As the Ravens build their roster for 2022, there's plenty of chatter about their efforts to fortify their offensive and defensive lines, solidify their pass defense, amp up their pass rush and juice up their running game.
But there's virtually no chatter about the single most important aspect of what I'll call their Bounce Back Project.
Anytime the subject of Lamar Jackson comes up, his contract situation dominates – understandably, as the star quarterback's rookie contract expires after this season and any new deal he signs would be the largest in Ravens history.
But while the off-field focus might be understandable, Jackson's on-field performance will be the centerpiece of the Ravens' efforts to return to the AFC playoffs in 2022, and I'm hearing next to nothing about it.
When last seen, Jackson was struggling more than usual; in the last three games he started and finished, he threw twice as many interceptions as touchdowns and posted below-average passer ratings as the Ravens went 1-2 while averaging just 17 points per game.
To be clear, he also did a lot right in 2021, including tying Randall Cunningham's NFL record of seven games in a season with at least 200 passing yards and 50 rushing yards. (Jackson also had seven such "double-doubles" in 2019.)
In Jackson's toughest season to date, the Ravens went 7-4 in games he started and finished, and 1-5 otherwise.

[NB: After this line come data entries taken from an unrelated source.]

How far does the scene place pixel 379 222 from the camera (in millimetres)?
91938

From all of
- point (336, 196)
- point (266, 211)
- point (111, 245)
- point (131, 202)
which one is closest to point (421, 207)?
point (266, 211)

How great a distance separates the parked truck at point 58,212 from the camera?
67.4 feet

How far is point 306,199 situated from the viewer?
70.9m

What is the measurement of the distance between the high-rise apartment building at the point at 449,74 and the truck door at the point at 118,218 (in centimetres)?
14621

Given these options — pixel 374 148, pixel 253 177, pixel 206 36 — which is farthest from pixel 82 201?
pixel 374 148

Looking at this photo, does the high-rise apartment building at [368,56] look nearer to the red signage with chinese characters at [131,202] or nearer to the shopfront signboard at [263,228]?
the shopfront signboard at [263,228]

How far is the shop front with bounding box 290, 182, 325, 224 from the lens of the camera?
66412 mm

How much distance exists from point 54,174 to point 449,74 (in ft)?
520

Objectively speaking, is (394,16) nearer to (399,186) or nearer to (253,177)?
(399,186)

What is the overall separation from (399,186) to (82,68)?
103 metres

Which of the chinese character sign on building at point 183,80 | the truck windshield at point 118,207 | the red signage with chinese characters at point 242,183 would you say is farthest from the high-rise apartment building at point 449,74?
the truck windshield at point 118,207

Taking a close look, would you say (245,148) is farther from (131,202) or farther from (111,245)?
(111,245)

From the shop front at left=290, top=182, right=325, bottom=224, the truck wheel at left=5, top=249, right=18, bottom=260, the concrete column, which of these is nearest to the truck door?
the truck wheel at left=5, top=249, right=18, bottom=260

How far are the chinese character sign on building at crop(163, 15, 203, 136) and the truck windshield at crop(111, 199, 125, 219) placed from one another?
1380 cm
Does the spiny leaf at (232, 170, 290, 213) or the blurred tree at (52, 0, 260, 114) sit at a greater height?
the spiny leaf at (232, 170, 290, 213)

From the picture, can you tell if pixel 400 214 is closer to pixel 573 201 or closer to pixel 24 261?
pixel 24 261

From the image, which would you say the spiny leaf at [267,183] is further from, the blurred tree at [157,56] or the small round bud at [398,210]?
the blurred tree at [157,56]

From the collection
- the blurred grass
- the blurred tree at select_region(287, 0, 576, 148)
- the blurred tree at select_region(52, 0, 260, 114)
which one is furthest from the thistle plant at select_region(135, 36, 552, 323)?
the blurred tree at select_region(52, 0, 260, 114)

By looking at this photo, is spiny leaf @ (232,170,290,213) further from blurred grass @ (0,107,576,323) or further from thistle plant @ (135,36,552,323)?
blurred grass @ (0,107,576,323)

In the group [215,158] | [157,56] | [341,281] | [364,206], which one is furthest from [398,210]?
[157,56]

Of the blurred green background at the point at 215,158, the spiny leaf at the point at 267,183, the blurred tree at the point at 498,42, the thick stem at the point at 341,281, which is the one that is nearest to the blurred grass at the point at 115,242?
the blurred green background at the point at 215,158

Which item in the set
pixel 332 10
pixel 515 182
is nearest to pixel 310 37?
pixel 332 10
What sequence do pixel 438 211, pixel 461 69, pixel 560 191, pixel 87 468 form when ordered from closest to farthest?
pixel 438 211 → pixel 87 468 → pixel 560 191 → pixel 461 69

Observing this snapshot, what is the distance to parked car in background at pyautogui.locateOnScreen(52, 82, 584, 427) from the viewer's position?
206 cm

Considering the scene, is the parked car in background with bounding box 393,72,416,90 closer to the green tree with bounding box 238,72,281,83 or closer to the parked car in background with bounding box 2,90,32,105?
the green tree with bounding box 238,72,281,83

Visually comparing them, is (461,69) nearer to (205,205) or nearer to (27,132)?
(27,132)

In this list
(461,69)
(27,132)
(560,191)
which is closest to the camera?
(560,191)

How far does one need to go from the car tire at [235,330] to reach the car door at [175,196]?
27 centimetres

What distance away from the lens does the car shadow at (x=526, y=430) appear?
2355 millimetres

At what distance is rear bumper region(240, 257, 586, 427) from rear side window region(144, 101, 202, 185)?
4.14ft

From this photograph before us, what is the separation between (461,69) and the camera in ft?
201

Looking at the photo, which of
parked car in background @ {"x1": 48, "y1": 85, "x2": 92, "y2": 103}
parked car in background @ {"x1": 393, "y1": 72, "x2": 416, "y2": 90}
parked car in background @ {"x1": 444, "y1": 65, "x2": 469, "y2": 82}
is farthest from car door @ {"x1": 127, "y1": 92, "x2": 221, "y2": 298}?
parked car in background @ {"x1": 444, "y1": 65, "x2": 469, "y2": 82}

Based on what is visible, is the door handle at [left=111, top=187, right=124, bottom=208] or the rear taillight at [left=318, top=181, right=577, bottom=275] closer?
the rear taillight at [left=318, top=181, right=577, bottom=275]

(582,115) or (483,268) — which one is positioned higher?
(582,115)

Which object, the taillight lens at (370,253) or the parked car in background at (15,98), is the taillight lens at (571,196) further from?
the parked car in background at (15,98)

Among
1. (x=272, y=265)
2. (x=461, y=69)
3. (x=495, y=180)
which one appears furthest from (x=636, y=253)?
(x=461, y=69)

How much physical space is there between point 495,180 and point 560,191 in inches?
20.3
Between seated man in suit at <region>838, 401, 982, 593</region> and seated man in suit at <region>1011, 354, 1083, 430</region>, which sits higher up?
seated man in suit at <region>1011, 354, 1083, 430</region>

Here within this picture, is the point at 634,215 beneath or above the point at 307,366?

Say no more.
But there was a discouraging conclusion. It faded from memory when Jackson was knocked out of a Week 13 game with a bruised ankle and missed the rest of the season. But a less electrifying Jackson was among the factors that contributed to the Ravens missing the playoffs.
"To be honest with you, I really don't know," Jackson said glumly after the season ended.
He added: "I got sick at the Miami game (and) played horrible in the Cleveland game. I really don't know, man. I really don't know."
In the wake of just their second losing season under Head Coach John Harbaugh, the Ravens are aggressively attacking everything they didn't like about 2021. Only five other teams have committed more dollars in free agency, according to Spotrac. They've hired a new trainer and plan to alter their training practices in hopes of experiencing fewer injuries.
They've also quietly added a new coach who'll provide another set of eyes on Jackson -- Kerry Dixon, a former college quarterback who has recently coached wide receivers at Florida and Georgia Tech and will now assist James Urban, Jackson's position coach.
If anything can be done to help Jackson in 2022, it's worth doing.
No surprise, Jackson has been on task, throwing regularly to teammates in Florida. His commitment and desire are among his qualities the Ravens like most; Owner Steve Bisciotti recently described him as "obsessed" with winning a Super Bowl.
When the team's offseason program cranks up at the Under Armour Performance Center next week, Jackson surely will huddle with the coaches, deconstruct what happened late last year and formulate a plan to keep it from happening again.
He is a "time and space" player, meaning he needs time and space to do his thing. His issues arose during and after a Week 10 loss to the Miami Dolphins, who limited his time and space with an all-out blitz, a strategy other teams promptly copied.
It's part of the eternal chess match between quarterbacks and defenses. Jackson had the upper hand. Defenses adjusted. Now, it's on Jackson to adjust to those adjustments.
Putting a stronger and healthier team around him would help, for sure; a better O-line would give him more time and space.
But it's mostly up to Jackson to re-establish the soaring performance level he attained from the day he became a starter in 2018 through the middle of last season.
Several AFC teams have added star power in 2022, leading to speculation that the Ravens aren't shining as brightly.
But they already have their star, and he's one of the brightest in the NFL when playing well.
If Jackson is back on his "A game" in 2022, the Ravens' Bounce Back Project almost surely will proceed quite nicely.